# Mahinmi won't be on Summer League Team



## KokoTheMonkey (Aug 4, 2003)

http://www.mysanantonio.com/sports/...070305.7C.BKNspurs.summerleague.2e882288.html 



> Mahinmi to forego summer
> Web Posted: 07/03/2005 12:00 AM CDT
> 
> Mike Monroe
> ...



There's actually several familiar players in that list: Jamal Sampson, B.J. Elder, Marcus Haislip, Britton Johnson, Justin Hamilton, and Andre Barrett.


----------



## TiMVP2 (Jun 19, 2003)

Damn,thats a very nice summer team.


----------



## kamego (Dec 29, 2003)

Josh Asselin, a 6-11 forward from the University of Michigan who played in the Spanish pro league last season. 

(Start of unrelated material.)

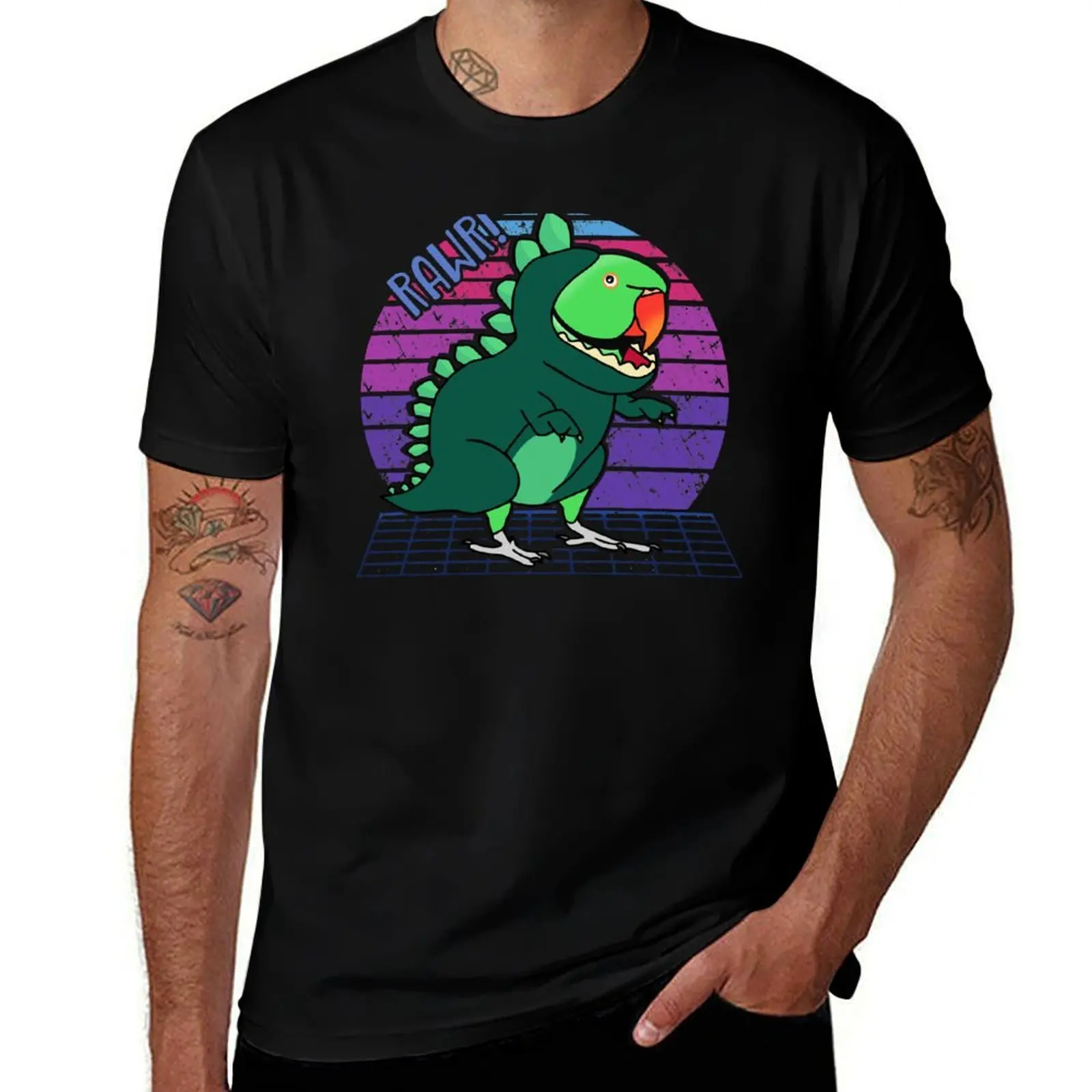 

Aesthetic Vaporwave Green Indian Ringneck Dinosaur Doodle T-Shirt t shirt custom print t shirts for man cotton soft T-shirt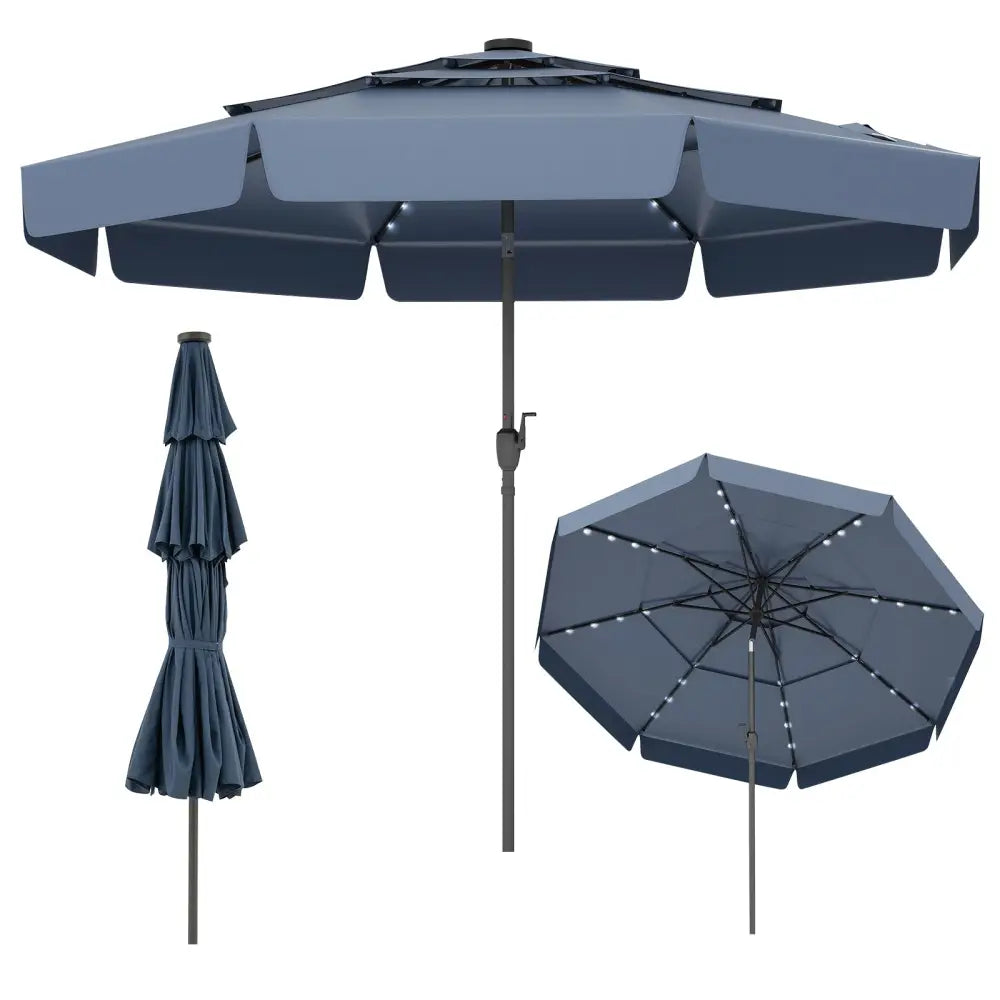 10 Feet Solar Patio Umbrella with 3-Tier Vented Top-Navy - Navy - Outdoor Umbrellas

Yeah boy! That's my dawg. He has no chance of making the league lol Was a great college pitcher though


----------



## texan (Jul 10, 2003)

I wanted BJ Elder in the 2nd Round. I know we didn't have a second round pick, but I wanted to acquire one or pick this guy up in free agency. Its doubtful he makes our roster, but he is a good shooter and fits the type of player we want on our team.


----------



## ballstorm (Nov 30, 2003)

Starosta has played in france the last few years . He will still play there next year in Strasbourg . He has decent hands but is terrible in defense . It is safe to say that he will never play in the league .


----------



## TheRoc5 (Mar 1, 2005)

i like this guy hes alot like mike wilks with a better shot.(Andre Barrett)
also anyone read the paper i dont know if its a rumor or what but it says we might try to trade beno and sign a vertern pg to help parker more


----------



## KokoTheMonkey (Aug 4, 2003)

Here's an updated list of the Summer League team that begins July 15th:



Josh Asselin F/C (6-11, 230) 12/24/78 Michigan ’01 R
Andre Barrett G (5-10, 173) 02/21/82 Seton Hall ’04 1
Kendall Dartez F/C (6-10, 225)12/01/80 Louisville ’04 R
Kyle Davis F (6-10, 235) 06/03/82 Auburn ’04 R
B.J. Elder G/F (6-4, 218) 09/04/80 Georgia Tech ’05 R
Justin Hamilton G (6-3, 225) 12/19/80 Florida ’03 R
Britton Johnson F (6-10, 210) 07/08/78 Utah ’03 1
Jamal Sampson F/C (6-11, 258) 05/15/83 California ’02 2
Melvin Sanders G/F(6-5, 210) 01/03/81 Okl. State ’03 R
Luke Schenscher C (7-1, 250) 12/31/81 Georgia Tech ’05 R
Ondrej Starosta C (7-1, 255) 05/28/79 France R
Billy Thomas G (6-5, 218) 12/23/75 Kansas ’98 


Pretty much the same guys but there are at least a few new names on there.


----------



## sheefo13 (Jul 13, 2002)

No Udrih?


----------



## KokoTheMonkey (Aug 4, 2003)

sheefo13 said:


> No Udrih?


From what I understand he is playing with the Slovanian team overseas.


----------



## TheRoc5 (Mar 1, 2005)

i guess that says wilks wont be with us next yr either


----------



## KokoTheMonkey (Aug 4, 2003)

TheRoc5 said:


> i guess that says wilks wont be with us next yr either


What says that?


----------



## TheRoc5 (Mar 1, 2005)

KokoTheMonkey said:


> What says that?


well usally the rookies or guys who dont play alot are on the summer league, and hes not
plus theres been lots of rumors that we will not resign, any of our free agents besides horry(already did) and brown.


----------



## KokoTheMonkey (Aug 4, 2003)

TheRoc5 said:


> well usally the rookies or guys who dont play alot are on the summer league, and hes not
> plus theres been lots of rumors that we will not resign, any of our free agents besides horry(already did) and brown.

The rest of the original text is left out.